Glenn pulled his head down and shoulders up, gritting his
teeth and clenching the steering wheel; he jammed the gas pedal to the floor,
the van whined, and he found himself ahead of the front.
Oral Roberts University, to Glenn’s right, lay quiet at that
rise just between inhaling and exhaling.
Its huge geometric panes of iridescent glass reflected the murky grays
and muddy greens of the squall. At that
moment, in the rearview mirror, Glenn could see the cyclone traverse the thoroughfare,
smash those mirrors into thousands of shards, and twist their frames into
grotesque new sculptures, before rising again into the firmament.
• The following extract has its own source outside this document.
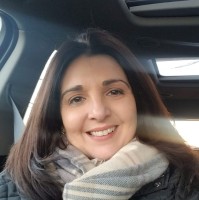 Felicia Mascarenhas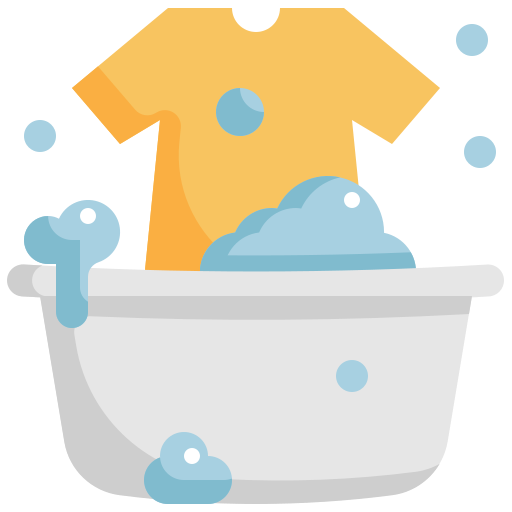 Flaticon Icon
The storm seemed to have made a decision. It lifted its sucking feet releasing its
hold on Tulsa. It slipped eastward, rumbling,
tossing threats back over its shoulder with lightning flashing on its
underside. The afternoon sun lit its
trailing edge with magic glowing gold. As if pulling a giant tarp west to east
overhead, the storm clouds left clear blue sky in their wake. People emerged from their basements and turned
their faces upward, smiling at God, filling theirs lung with electrostatically
cleansed air.
Safe for the moment at least, Glenn’s mind turned to the
storm that lay ahead. Karen.
Now we know exactly where to go, right?
If your narrative is advancing the storyline, you'll find the rising action and the call for transition at the fall. Reading your own stuff from the top can give you the momentum.
Read your own stuff, and Write, Dream Writers, Write!